Strike Witches 2 | Guns and lolis?
ALRIGHT. Sometimes, Japan decides it would be cool to do something like this, a weird concept like Strike Witches. Loli + Guns = Strike Witches. This by far is a very interesting concept, and it seemed to have caught on with other more recent Anime.
However, nevertheless, it is time to explore the Anime that is Strike Witches 2. Yes, not Strike Witches 1 but 2 #TwoSeasons.

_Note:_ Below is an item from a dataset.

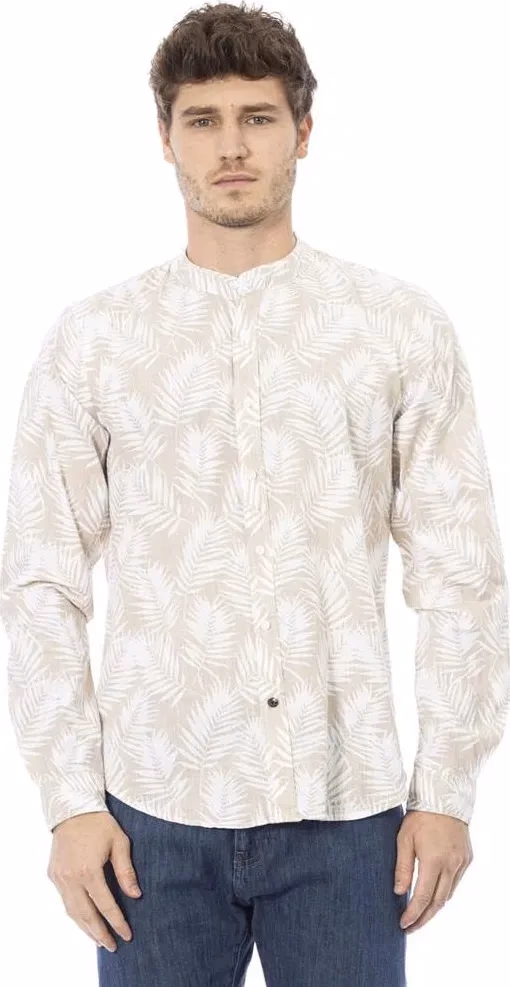 Baldinini Trend Beige Cotton Long Sleeve T-Shirt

After discovering that Neuroi are capable of communication with humans and making peace with the nest above Gallia the Witches squads are now on a mission to re-establish communication when a sudden attack vanishes the Neuroi; they now discover a new and massive nest that just appeared covering almost all Europe. Ruthless and without mercy it annihilates allied forces along with Witches. Word of the attack reaches Fuso and a support battalion is deployed to rescue the survivors. Among the rescue team is the former Striker captain Mio Sakamoto and the now civilian Yoshika Miyafuji who want to save their dear friends. – MyAnimeList
Strike Witches 2 follows a very similar arrangement to the first series. While lacking in any real plot innovation, it expands on character development and adds some traditional “necessities” such as a beach episode. If you liked the first season despite its lacklustre plot, you probably enjoyed the character interactions. If that is the case then this series is for you. If you found the first series too ecchi, too boring, or just unorganized, you’ll find more of the same here.
I think they upped the animation budget for this sequel. Within the first five minutes, you can tell that more attention has been given to the battle scenes and the choreography. The overall animation style is identical to the first series, the only major change being that the setting has moved to the Mediterranean. My version this time was not the DVD release so there were lots of god rays. There is still significant CGI, especially towards the end of the series and with the Neuroi, but overall it isn’t too distracting.
The OP is a refreshing mix that I find superior to the original’s OP. The ED reminds me way too much of the ED to Infinite Stratos, though in this case, Infinite Stratos is still better. Overall, they both fit the theme and mood of the series quite well. The BGM is similar to the first series with a heavy focus on military drums and orchestral instruments. The VAs are the same as the original series. Ascertain episodes focus on certain Witches, particularly those that didn’t get much attention in the first series, the airtime of the VAs differs significantly from the first series.
The story follows almost an identical path to the first series. The series starts and finishes with a plot focus but has lots of episodic episodes in the middle exploring character relations and histories. Like the first series, the ending is a rushed and pretty hilariously bad climax.
What bothered me the most was that a lot of unanswered questions that I had from the first series (that I hoped would be answered) were not. The only one that is really explored in depth is the origin of the name “witches”. Men are also portrayed in a slightly negative way in the series, like the first series. Either they are the useless people manning ships destined for destruction or are mysterious military big-wigs that seem more focused on the political impression that the loss of their men or witches. In summary, don’t expect much in this department.
Character interactions, if anything is even better in this series. Whereas Miyafuji spent the first series getting familiar to the other witches, now we see them interacting like normal friends. We also see a lot more of the personalities of some of the witches that were somewhat “shelved” in the first series. While there isn’t a terrible amount of actual development, seeing how their different personalities mesh was quite enjoyable, though mind some interactions are borderline yuri.